== Dataset content
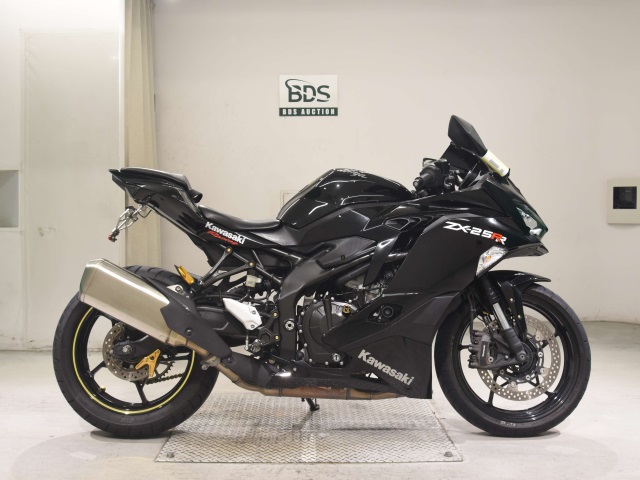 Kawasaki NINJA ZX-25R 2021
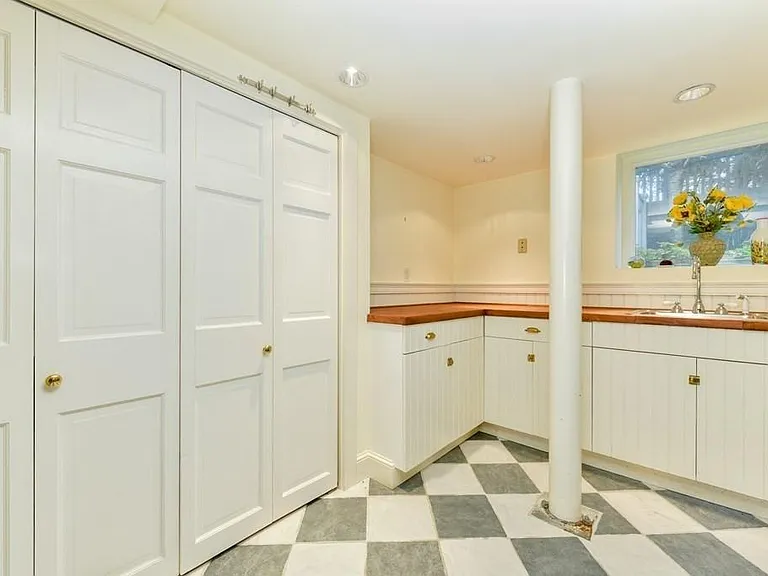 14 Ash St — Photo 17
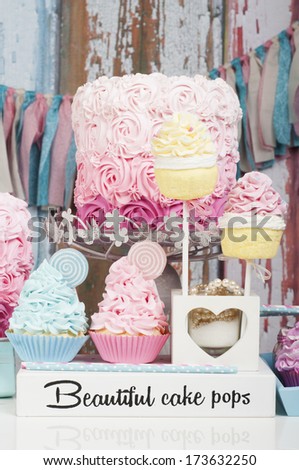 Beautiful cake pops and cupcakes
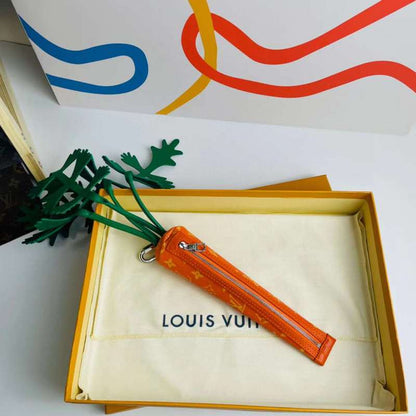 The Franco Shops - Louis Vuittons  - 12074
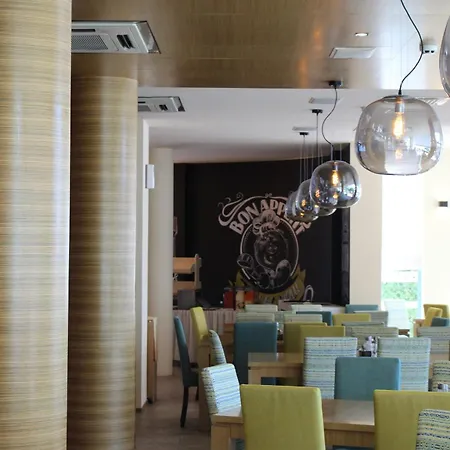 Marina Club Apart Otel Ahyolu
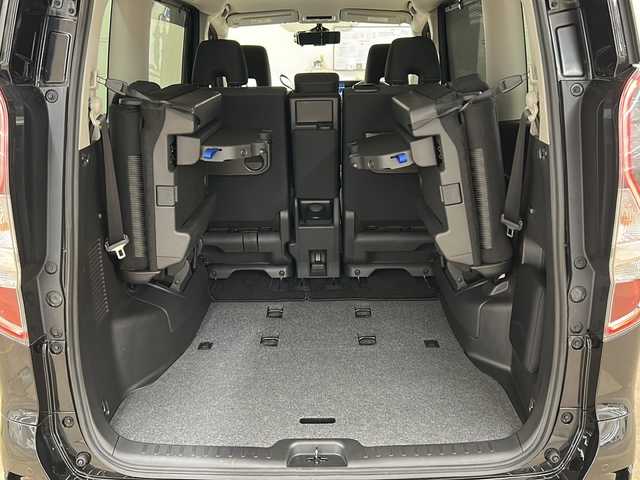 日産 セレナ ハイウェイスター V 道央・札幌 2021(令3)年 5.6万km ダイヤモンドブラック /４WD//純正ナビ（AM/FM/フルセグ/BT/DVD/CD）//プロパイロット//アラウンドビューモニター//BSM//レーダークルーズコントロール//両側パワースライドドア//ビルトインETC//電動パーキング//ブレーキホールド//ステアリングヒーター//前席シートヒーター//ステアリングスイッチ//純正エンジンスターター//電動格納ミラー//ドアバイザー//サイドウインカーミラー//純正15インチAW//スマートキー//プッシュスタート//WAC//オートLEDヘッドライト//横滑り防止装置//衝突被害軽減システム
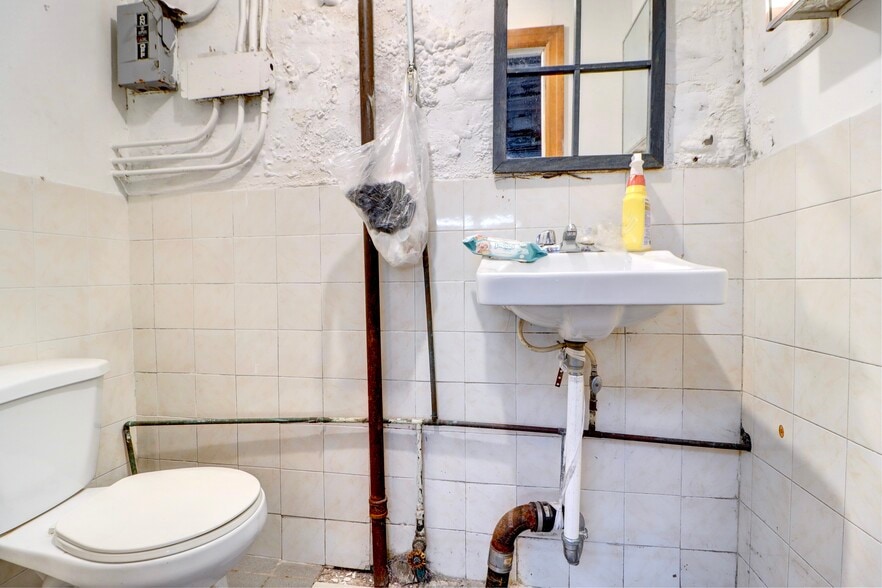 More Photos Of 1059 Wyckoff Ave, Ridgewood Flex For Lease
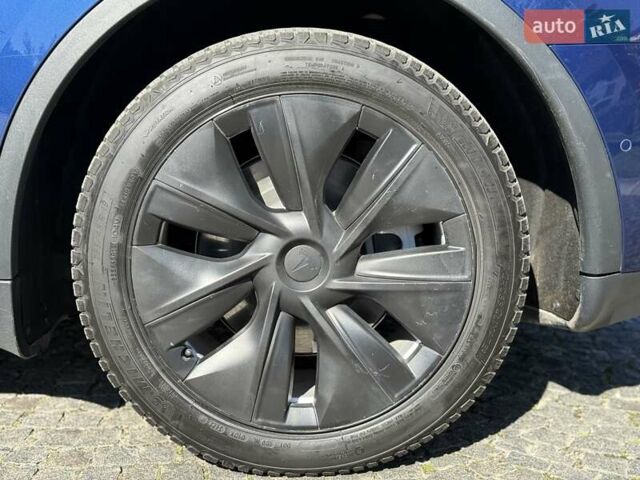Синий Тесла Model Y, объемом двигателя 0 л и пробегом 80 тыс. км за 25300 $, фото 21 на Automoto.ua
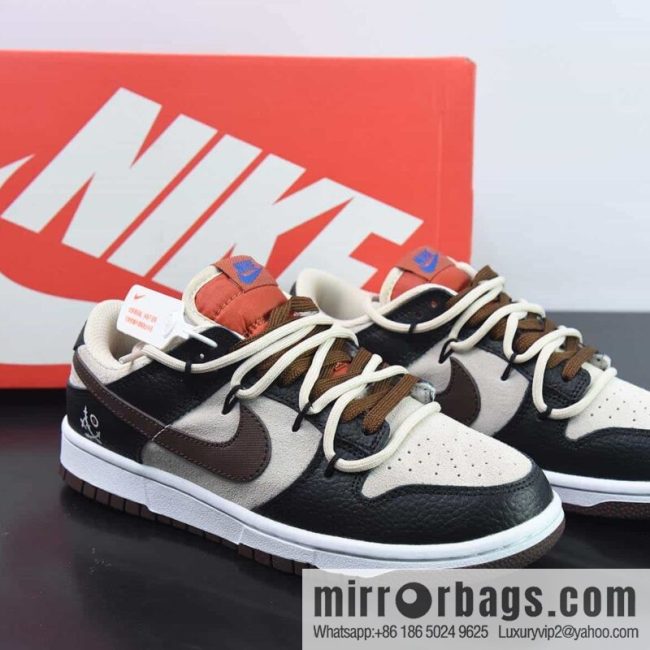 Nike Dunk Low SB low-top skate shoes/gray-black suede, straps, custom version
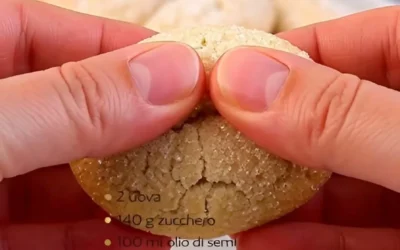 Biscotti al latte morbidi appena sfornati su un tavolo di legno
====
Would you write out the material above in full, exactly as given, except for its pictures?

Result =
 Kawasaki NINJA ZX-25R 2021
 14 Ash St — Photo 17
 Beautiful cake pops and cupcakes
 The Franco Shops - Louis Vuittons  - 12074
 Marina Club Apart Otel Ahyolu
 日産 セレナ ハイウェイスター V 道央・札幌 2021(令3)年 5.6万km ダイヤモンドブラック /４WD//純正ナビ（AM/FM/フルセグ/BT/DVD/CD）//プロパイロット//アラウンドビューモニター//BSM//レーダークルーズコントロール//両側パワースライドドア//ビルトインETC//電動パーキング//ブレーキホールド//ステアリングヒーター//前席シートヒーター//ステアリングスイッチ//純正エンジンスターター//電動格納ミラー//ドアバイザー//サイドウインカーミラー//純正15インチAW//スマートキー//プッシュスタート//WAC//オートLEDヘッドライト//横滑り防止装置//衝突被害軽減システム
 More Photos Of 1059 Wyckoff Ave, Ridgewood Flex For Lease
Синий Тесла Model Y, объемом двигателя 0 л и пробегом 80 тыс. км за 25300 $, фото 21 на Automoto.ua
 Nike Dunk Low SB low-top skate shoes/gray-black suede, straps, custom version
 Biscotti al latte morbidi appena sfornati su un tavolo di legno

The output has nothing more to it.